En entamant ce roman, j'ai été assez déconcertée par le style qui m'a paru terriblement plat. J'aurais tant aimé trouvé de l'ampleur, du relief et du souffle tant dans la forme que dans le fond ; une écriture qui permette au récit de s'envoler et de s'éloigner du simple témoignage documentaire... Mais non, chaque page me ramenait un peu plus vers le sol et je cherchais désespérément cette générosité que j'étais venue trouver. Pour autant, comme l'histoire était intéressante, j'ai laissé de côté mes attentes sur l'écriture pour me concentrer sur le récit proprement dit. Et au bout de 300 pages le charme a finalement opéré. Non que le style change à ce moment-là, mais tout à coup cela n'importe plus, sans doute parce que les personnages de ce roman ont enfin suffisamment de matière pour emporter le lecteur avec eux. Parmi la galerie de portraits que nous propose Jean-Michel Guenassia, deux ont particulièrement retenus mon attention : Cécile et Sacha. Ces deux êtres, amis de Michel mais extérieurs au club, sont complexes et attachants, et j'aurais peut-être aimé que l'auteur leur consacre une plus grande part de son récit. Et il y a tous les autres, Léonid, Victor, Franck, Pierre... tous ont un parcours singulier, romanesque et émouvant.

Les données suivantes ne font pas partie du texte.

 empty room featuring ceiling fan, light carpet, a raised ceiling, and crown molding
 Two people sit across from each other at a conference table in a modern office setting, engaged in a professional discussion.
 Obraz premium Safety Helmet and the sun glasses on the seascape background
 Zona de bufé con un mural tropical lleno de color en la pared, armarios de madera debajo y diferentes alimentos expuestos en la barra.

Maintenant que j'ai fini ma lecture, je me rends compte que j'en garderai sûrement un bon souvenir, car l'auteur dessine une chronique subtile, intelligente et nuancée des années 60. Comme je le disais en amorce de ce billet, Le club des incorrigibles optimistes propose la peinture de toute une époque : on y retrouve pèle-mêle le collège de garçons avec son surveillant général, les débuts du rock n' roll, la guerre froide, Sartre et Kessel, les cinémathèques, le début de la guerre d'Algérie et l'arrivée des premiers pieds-noirs etc... Le portrait est assez fidèle et les papy-boomers devraient y retrouver l'atmosphère de cette époque : un mélange d'insouciance et d'inquiétude. Il y a bel et bien une dimension romanesque dans cette saga et si le démarrage fut un peu long pour moi, je garderai malgré tout en mémoire quelques scènes et personnage inoubliables. Mais je pense que l'émerveillement aurait été total si l'écriture qui porte ce récit ne s'était pas révélée si étriquée. Pour autant, je comprends que ce roman ait déjà séduit nombre de lecteurs, parmi lesquelles ont peut compter quelques blogueurs, comme Amanda ou Clarabel.

Du même auteur : La vie rêvée d'Ernesto G.

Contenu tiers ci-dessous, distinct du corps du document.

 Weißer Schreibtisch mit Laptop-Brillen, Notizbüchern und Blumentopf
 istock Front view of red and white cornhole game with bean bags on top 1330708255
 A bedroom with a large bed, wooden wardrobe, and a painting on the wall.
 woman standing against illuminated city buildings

NdlR : ce roman a été chroniqué dans le cadre du Goncourt des lycéens. Je vous invite d'ailleurs à lire notre reportage sur les coulisses du Goncourt des Lycéens.

Laurence

Extrait :

Le Balto était un immense bistrot à l'angle de deux boulevards. Sur l'avenue Denfert-Rochereau, côté comptoir et tabac, il y avait les baby, les flippers et le juke-box, et côté Raspail, un restaurant de soixante places. Entre les dernières tables, j'avais remarqué une porte derrière un rideau de velours vert. Des hommes d'âge mur disparaissaient par ce passage. Je ne voyais personne en ressortir. Ça m'intriguait. Je me demandais souvent ce qu'il pouvait y avoir là. Je ne pensais pas à aller voir. Aucun de mes compagnons de baby ne le savait. Ça ne les intéressait pas. Je suis restais longtemps sans m'en préoccuper. Quand il y avait foule et que l'attente était longue, je prenais un bouquin et, sans consommer, je m'asseyais en terrasse au soleil. Jacky me laissait tranquille. Il avait vu ma déception quand Reims s'était fait battre en finale par le Real. Depuis ce jour, il ne me considérait plus comme un client. Le Balto, à cette époque, avec les Marcusot, Nicolas, Samy, Jacky et les habitués, c'était comme une seconde famille. J'y passais un temps fou. Je devais être à la maison avant le retour de ma mère du travail. Je rentrais chaque soir un peu avant sept heures, étalais livres et cahiers sur mon bureau. Quand elle arrivait avec mon père, elle me trouvait en train de travailler. Gare à moi quand elle rentrait avant et que je n'étais pas là. J'arrivais à la rassurer en jurant que je travaillais chez Nicolas. Je mentais avec un aplomb qui me rendait heureux.